TO DO: Only the lines from the one with "The top cryptocurrency" to the end of the data below should be given again, exactly, with both ends included and pictures omitted.

-------- RECORD EXCERPTS

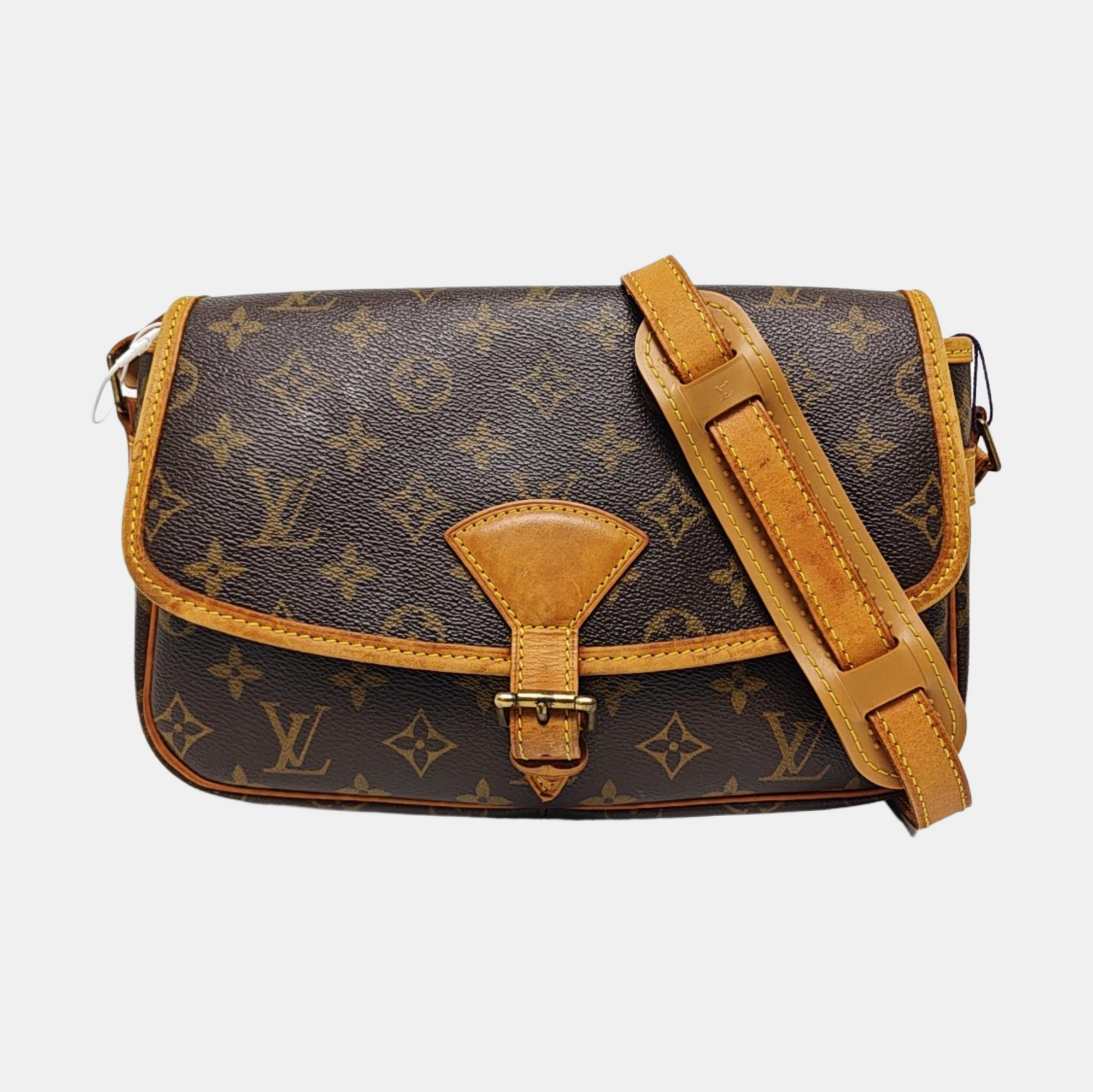SOLOGNE PM Monogram Coated Canvas Brown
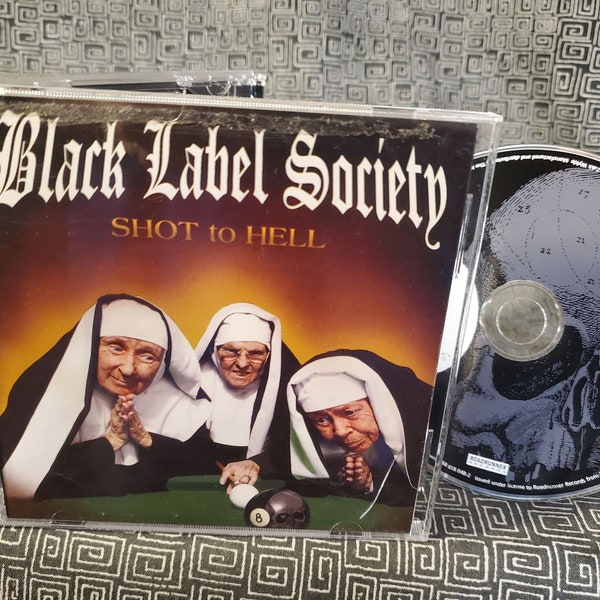 Zakk Wylde  Black Label Society CD  Shot To Hell - Ozzy Osbourne of Black Sabbath Guitarist - BLS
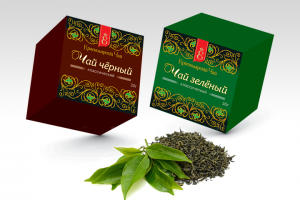 Дизайн лицевых частей упаковок Краснодарского чая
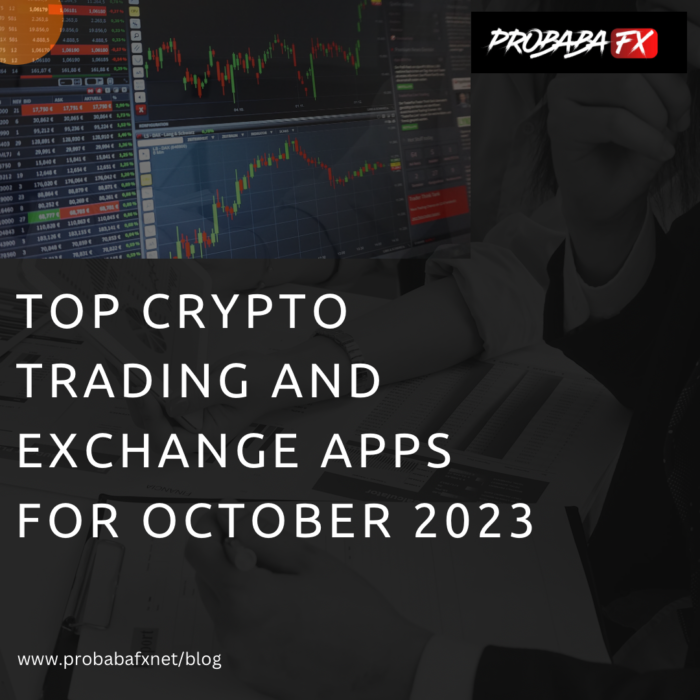 The top cryptocurrency trading and exchange apps for October 2023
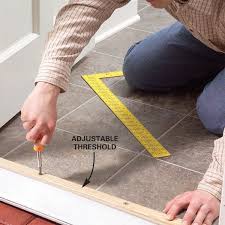How To Raise An Adjustable Entry Door Threshold Door Thresholds Diy Home Repair Entry Doors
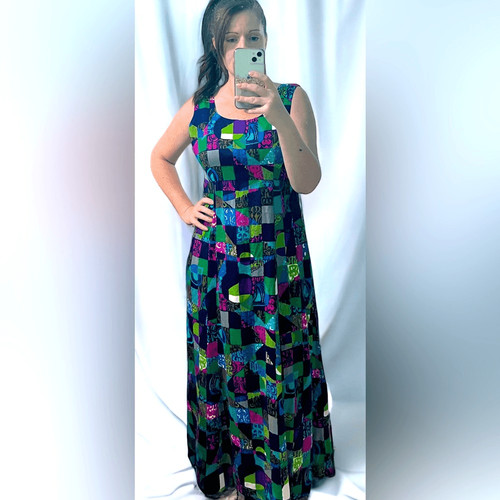 Maxi abito vintage - , anni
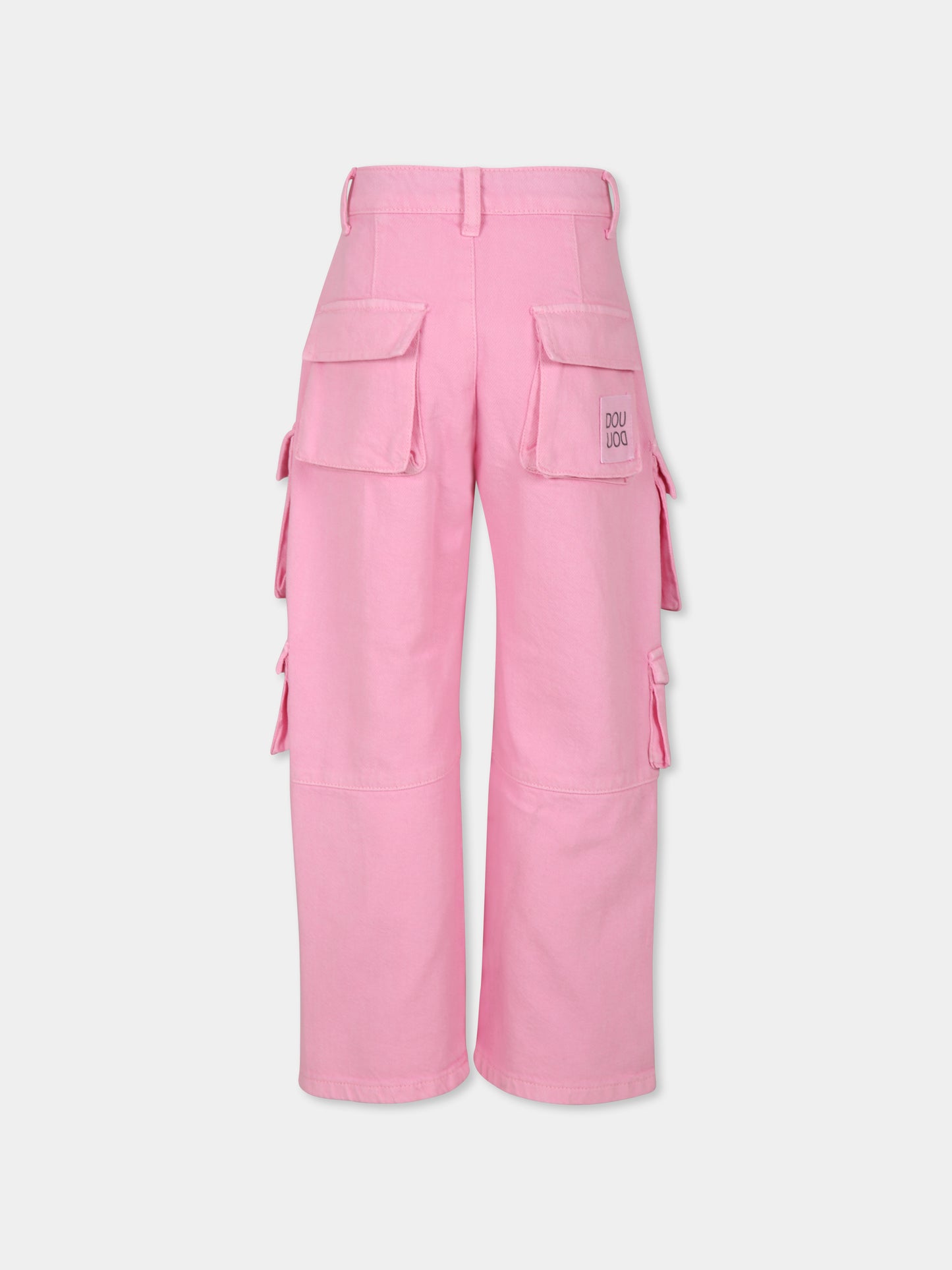 Pantaloni rosa per bambina con logo,Douuod Kids,DV6P20 Z2469 552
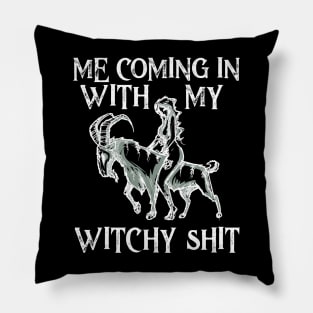 Wicca Pagan Witch Wiccan Goat Witchcraft Goth Witchy Gothic Pillow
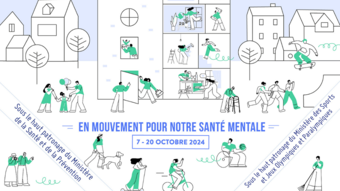 Affiche - En mouvement pour notre santé mentale (Octobre 2024)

----------------

COMPLETED TASK:
 The top cryptocurrency trading and exchange apps for October 2023
How To Raise An Adjustable Entry Door Threshold Door Thresholds Diy Home Repair Entry Doors
 Maxi abito vintage - , anni
 Pantaloni rosa per bambina con logo,Douuod Kids,DV6P20 Z2469 552
 Wicca Pagan Witch Wiccan Goat Witchcraft Goth Witchy Gothic Pillow
 Affiche - En mouvement pour notre santé mentale (Octobre 2024)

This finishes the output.